Sovereign's Draw

The card game of the Western Territories

Five suits. Simple enough to learn over ale. Deep enough to reveal character.

Sovereign's Draw

Card back design — Coming Soon

Rules of Play

The Deck

Forty-five cards. Five suits, nine cards each.

Suits (ranked lowest to highest): Wind — Stone — Tide — Flame — Eye

Each suit contains cards numbered one through eight, plus a Sovereign card.

Setup

Shuffle the deck. Deal five cards to each player. Place the remaining cards face-down as the Draw pile. Youngest player leads the first trick — tavern tradition, non-negotiable.

Two to six players. Four is considered ideal.

Play

The lead player places one card face-up on the table. Clockwise, each other player plays one card. Any card may be played — there is no requirement to follow suit.

Resolving the trick:

  • Same suit: Higher number wins.
  • Different suits: The higher-ranked suit wins, regardless of number. A Flame-3 beats a Stone-8. A Tide-2 beats a Wind-7. Suit hierarchy is absolute.

The winner claims all played cards into their score pile and leads the next trick.

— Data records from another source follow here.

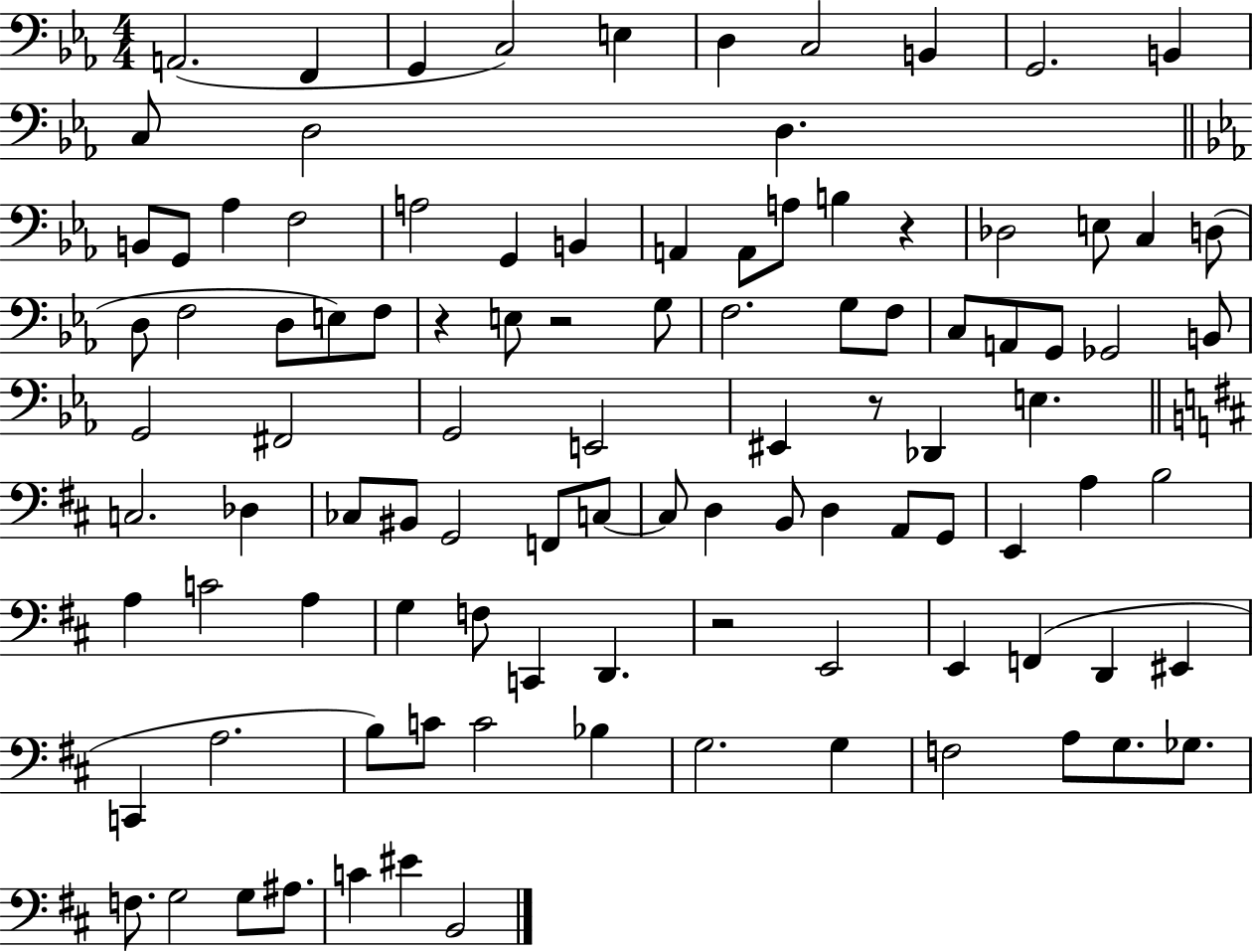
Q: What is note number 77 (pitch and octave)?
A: D2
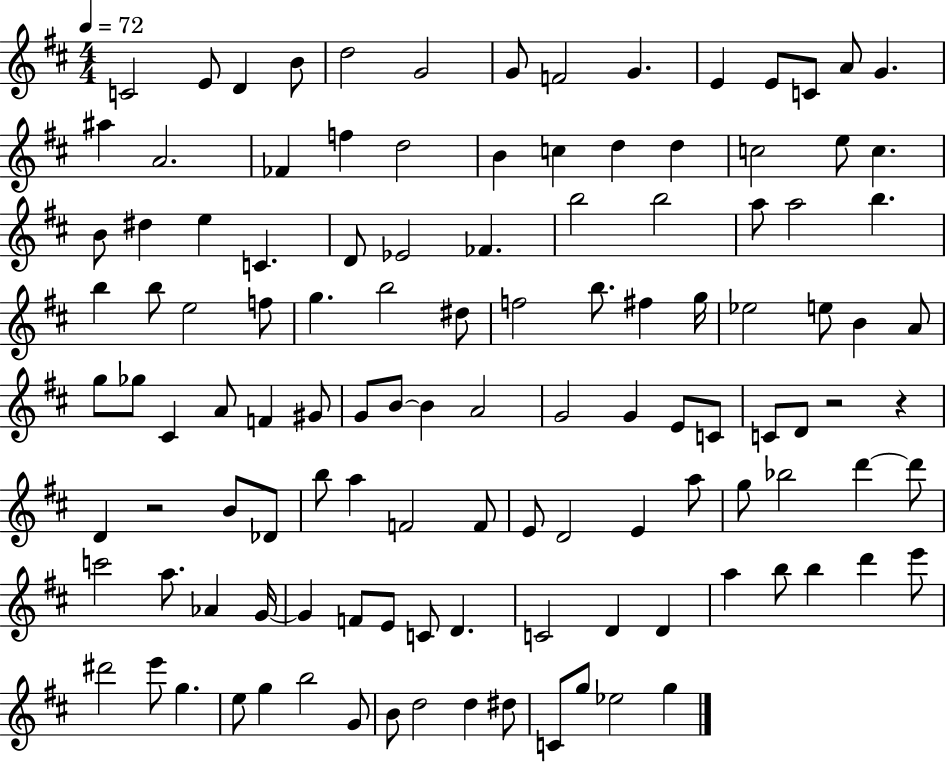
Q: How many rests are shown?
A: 3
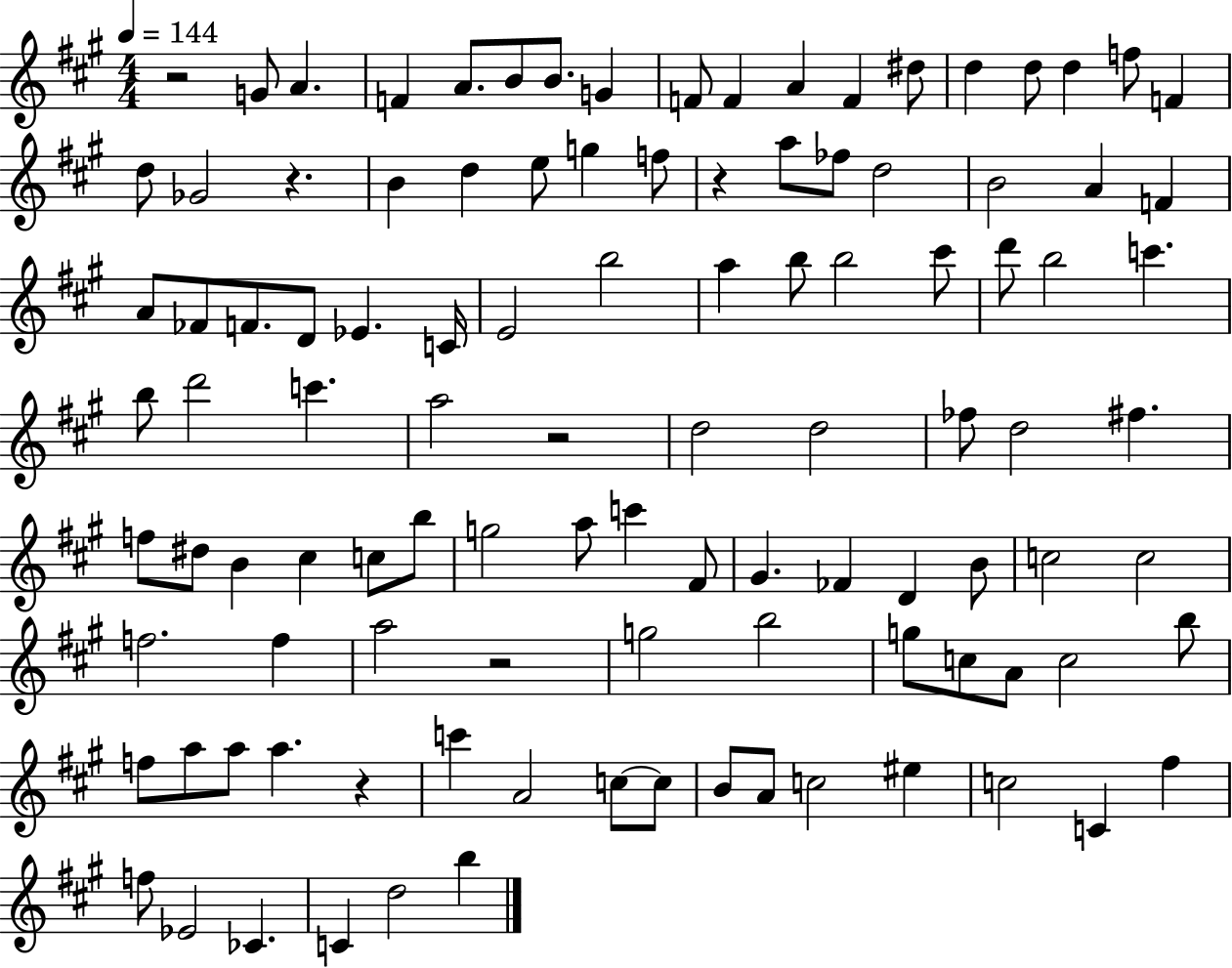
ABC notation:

X:1
T:Untitled
M:4/4
L:1/4
K:A
z2 G/2 A F A/2 B/2 B/2 G F/2 F A F ^d/2 d d/2 d f/2 F d/2 _G2 z B d e/2 g f/2 z a/2 _f/2 d2 B2 A F A/2 _F/2 F/2 D/2 _E C/4 E2 b2 a b/2 b2 ^c'/2 d'/2 b2 c' b/2 d'2 c' a2 z2 d2 d2 _f/2 d2 ^f f/2 ^d/2 B ^c c/2 b/2 g2 a/2 c' ^F/2 ^G _F D B/2 c2 c2 f2 f a2 z2 g2 b2 g/2 c/2 A/2 c2 b/2 f/2 a/2 a/2 a z c' A2 c/2 c/2 B/2 A/2 c2 ^e c2 C ^f f/2 _E2 _C C d2 b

After each trick, all players draw back up to five cards from the Draw pile. When the Draw pile empties, play continues with remaining hand cards until all cards are played. The hand ends.

The Sovereign

The most powerful card in any suit — and the most dangerous.

Played within its own suit: The Sovereign acts as a nine. It is the highest card in that suit and cannot be beaten except by a Sovereign from a higher-ranked suit.

Played and lost: If you play a Sovereign and lose the trick — because an opponent played a card from a higher suit — you pay the Sovereign's price. The winner takes additional cards from your score pile equal to the number of players at the table. In a four-player game, losing with a Sovereign costs you four cards from your own pile.

This is the game's central tension. A Sovereign played at the right moment wins decisively. A Sovereign played into the wrong trick bleeds you dry. Knowing when to hold it is the difference between a tavern gambler and a player.

The Eye

The Eye is the highest suit. It beats Flame, Tide, Stone, and Wind.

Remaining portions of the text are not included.